In the early days, big national newspapers like The Statesman used to issue a Style book to guide its correspondents on how to write articles worth publishing. The Style book promoted a very British upper-class touch, challenging its users to be well read, quick-witted and updated. It lauded headlines that presented the humourous as drawn from book titles or movie titles that had an uncanny relevance to current political situations. A well-placed sense of pride drove the newspaper to strive for excellence in the pieces it presented, be it a regular news report or a feature, or the morning’s headlines. The Editor was no less stern than a school headmistress, and no less punctilious in finding errors. Editing looked upon the newspaper as an agency of public instruction and public education by setting up a worthy example. Today’s newspaper does not have the luxury of lengthy editing as there is a deadline to printing, and in the case of Nagaland, the threat of power cuts decides how much, if any, editing should go into the texts to be published.
But books and booklets, pamphlets, gazettes – all publications without a strict deadline can indulge in the luxury of editing. Why forego the possibility of enhancing, improving and refining your written word? The critical eye of an experienced editor catches more than typos. The best editors can suss out the mood of the piece and comment on its negativity or superficiality, a factor which might not have been apparent to the author. Some magazine editors will have the policy of their company in mind as they try to tailor articles to reflect and suit their stand. It involves toning down opinions that are seen as biased or bigoted.Not all editors come in this category. The editor who does a very useful job is the one who scrupulously goes through the manuscript and requests the writer to expand on or exclude or include certain points. It streamlines the writing and makes the focus of the piece clearer.

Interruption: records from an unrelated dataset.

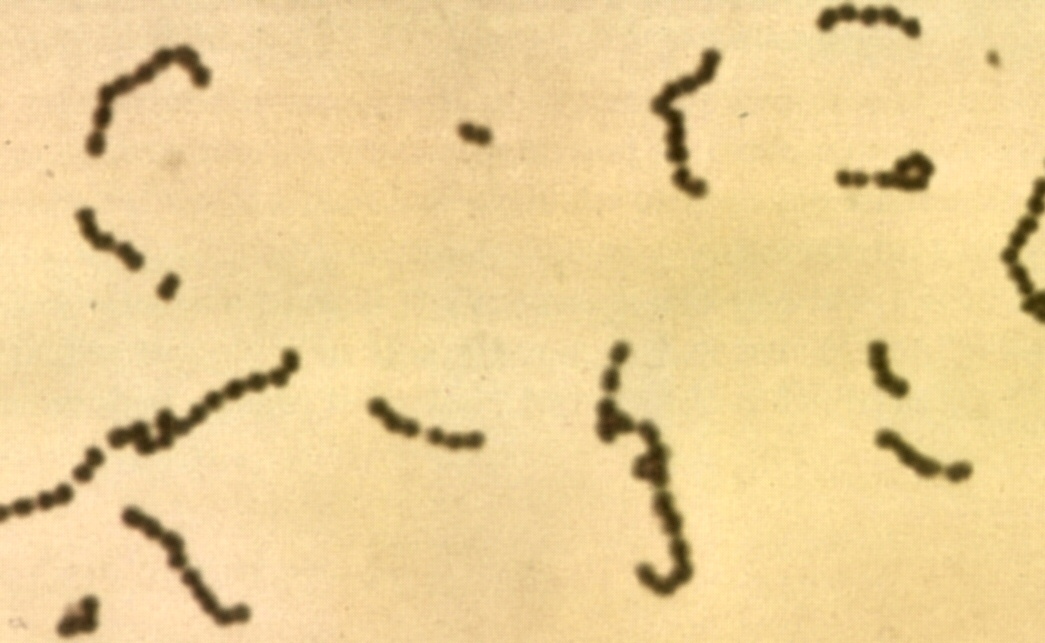 vi khuan gay benh xuat huyet ca ro phi  Streptococcus.jpg (185 KB)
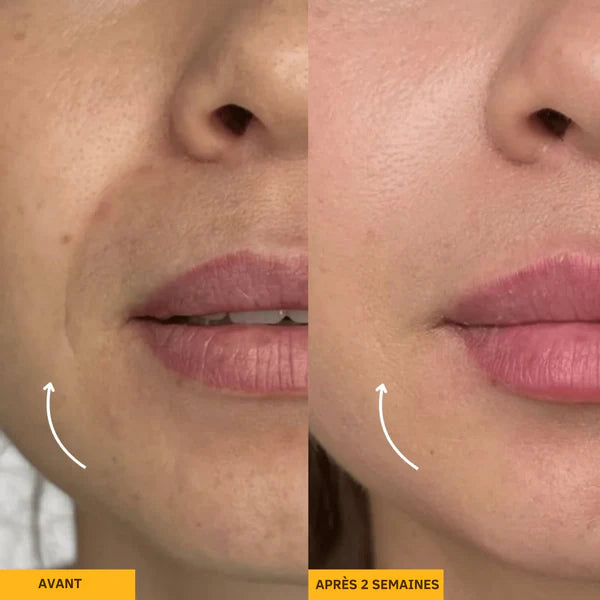 Brosse-sculptante & drainage lymphatique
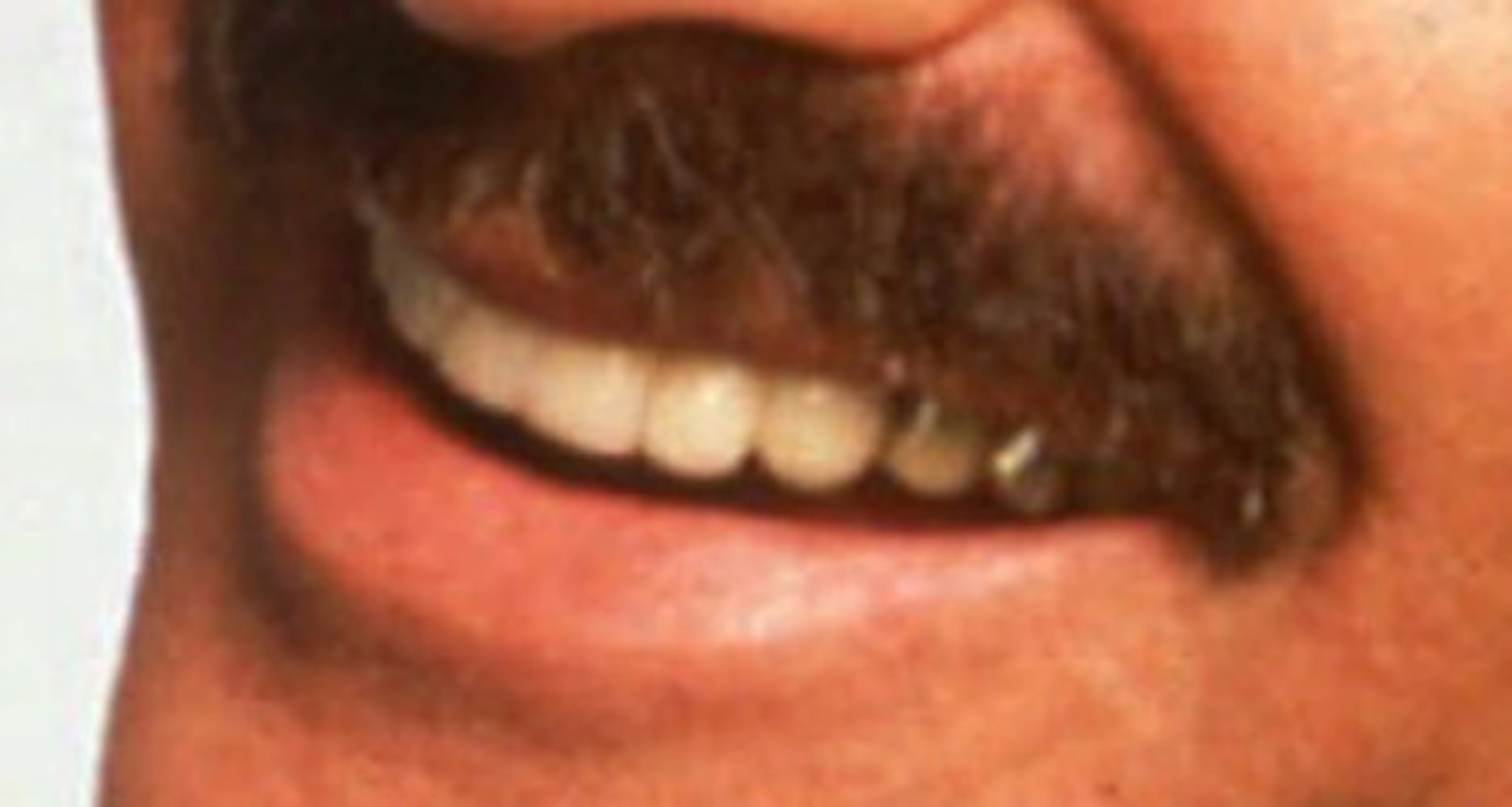 Whose celebrity mustaches are these?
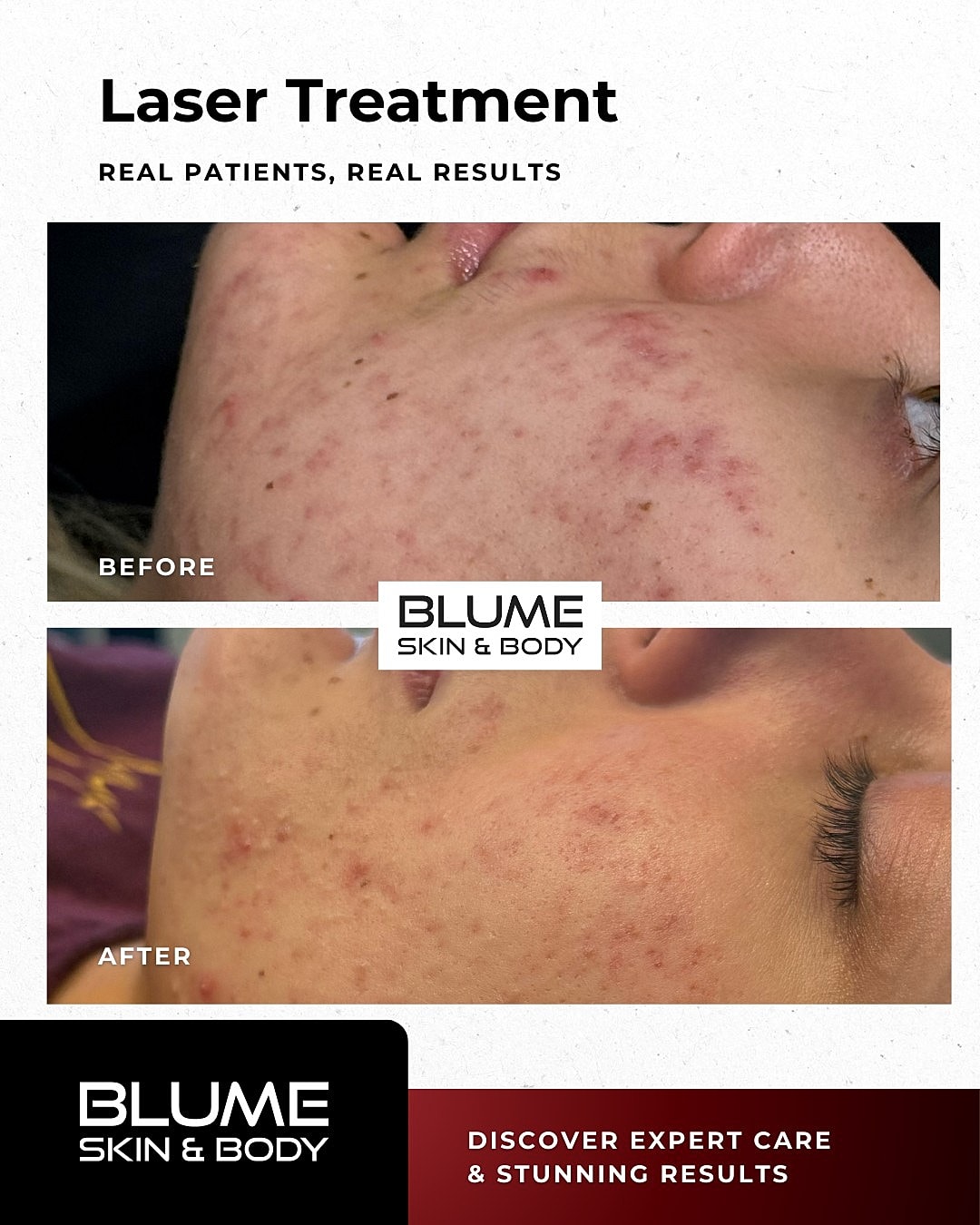 Laser Skin Treatments Before & After
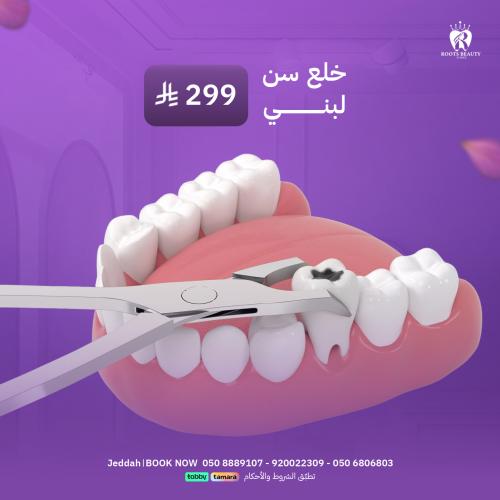 خلع سن لبني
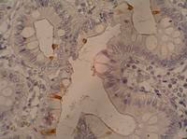 MAB3589 - CA 19-9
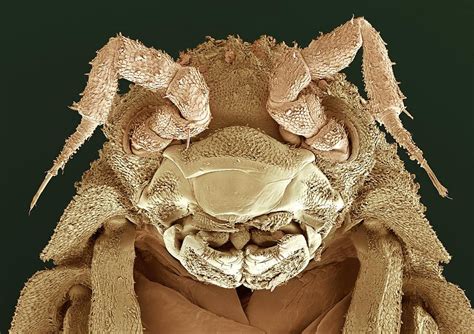 Woodlouse Head Sem By Steve Gschmeissner Woodlouse Woodlice Headed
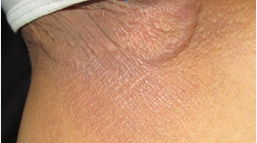 Annular plaque of the groin measuring 8 cm.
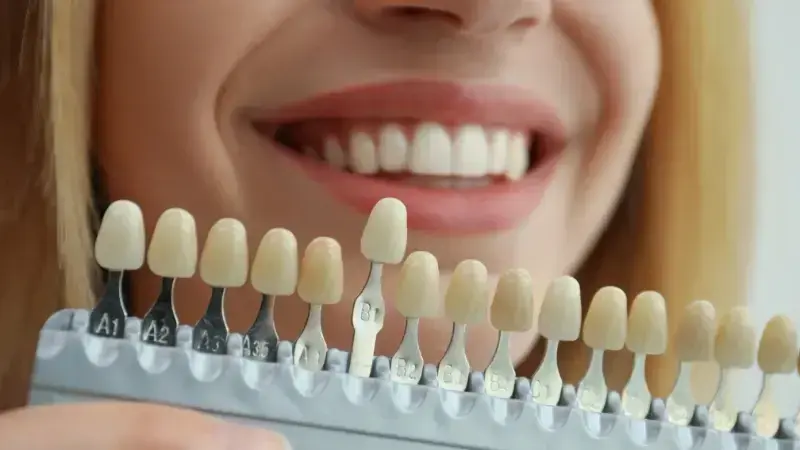 Woman displaying porcelain veneer shade guide showing multiple tooth color options for smile enhancement.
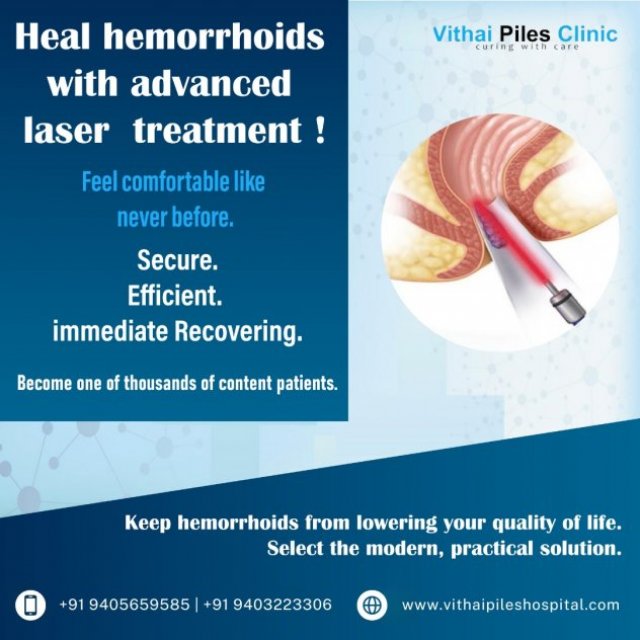 Best laser Treatment for Hemorrhoids in, Pune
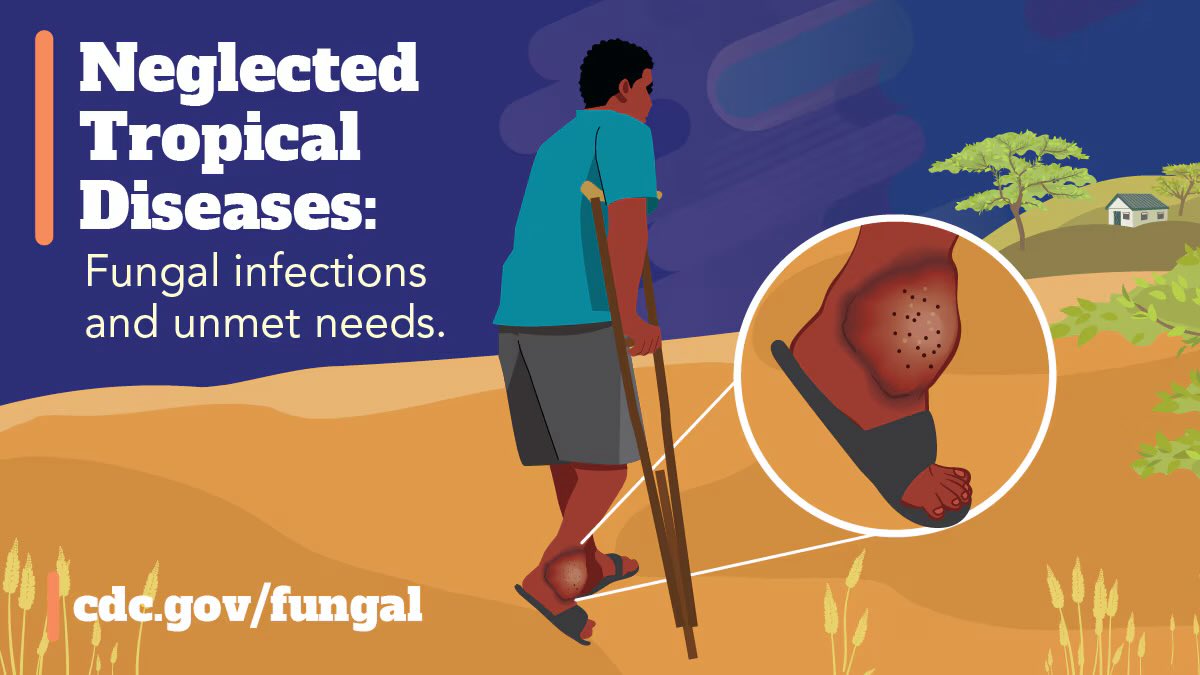 WHO recognized mycetoma as a NTD. The global burden remains poorly defined. Early detection &amp; treatment are vital to reduce morbidity &amp; improve outcomes. ~3683 cases in Uganda. Clinicians have a low index of clinical suspicion leading to under-diagnosis. #Fungalweek24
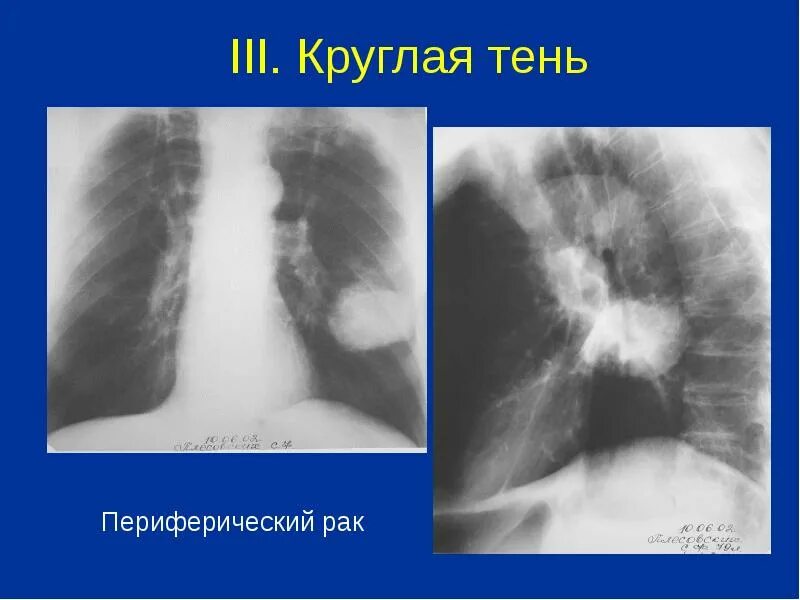 Синдром очаговых теней в легких. Синдром круглой тени в легком. Круглая тень легкого. Синдром круглой тени на рентгенограмме. Круглая тень легкого.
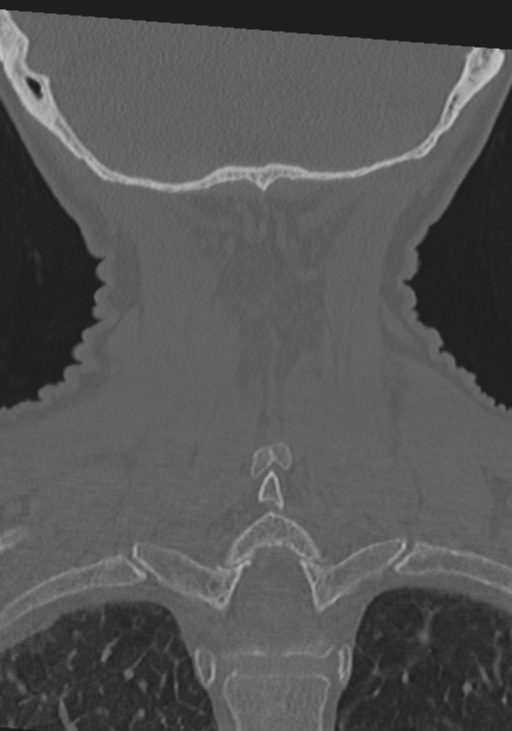 C2 fracture with vertebral artery dissection (Radiopaedia 37378-39199 Coronal bone window 45).png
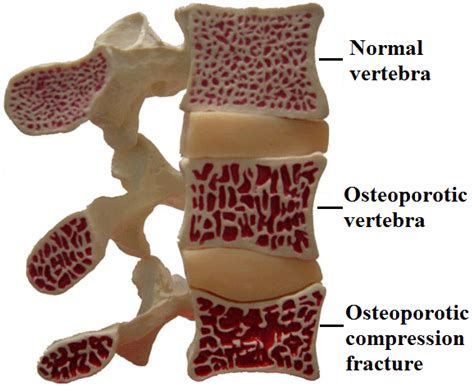 Osteoporotic Fractures – Clínica Neuros | Neurocirujano Valencia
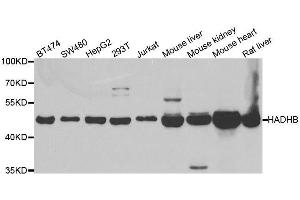 Image no. 1 for anti-Hydroxyacyl-CoA Dehydrogenase/3-Ketoacyl-CoA Thiolase/enoyl-CoA Hydratase (Trifunctional Protein), beta Subunit (HADHB) antibody (ABIN6141589)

Where book manuscripts are concerned, editing is a must, a professional essential. Who should edit? That is a good question. It should be someone not emotionally attached to the manuscript as editing involves brutal actions. Some characters have to go if they are not serving any real purpose except for the writer’s attachment to them. I think it’s very important to have a culturally sensitive editor. While regular editing can take care of technical shortcomings, a culturally unaware editor can miss the significance of words, terms and practices in a cultural context. But the advantage of having an editor are manifold. Someone else will be looking out for your grammatical mistakes and typos. Someone else will have a bird’s eye view of the whole manuscript and can suggest room for improvement in a much more doable manner than you could have thought of. I can think of a number of books that underwent the scalpel of editing and emerged so much improved for having undergone that. Of course, it goes without saying that the final authority on the manuscript is the author and not the editor. But only a myopic writer would reject an editing job that is well done.
Many books miss out on becoming good books. Sometimes it is just the way they are conceived. Sometimes it is simply the lack of a good dose of editing. Once it is out in print, the flaws are so evident to everyone. Like sending a child to school in scruffy clothing. That can actually be prevented.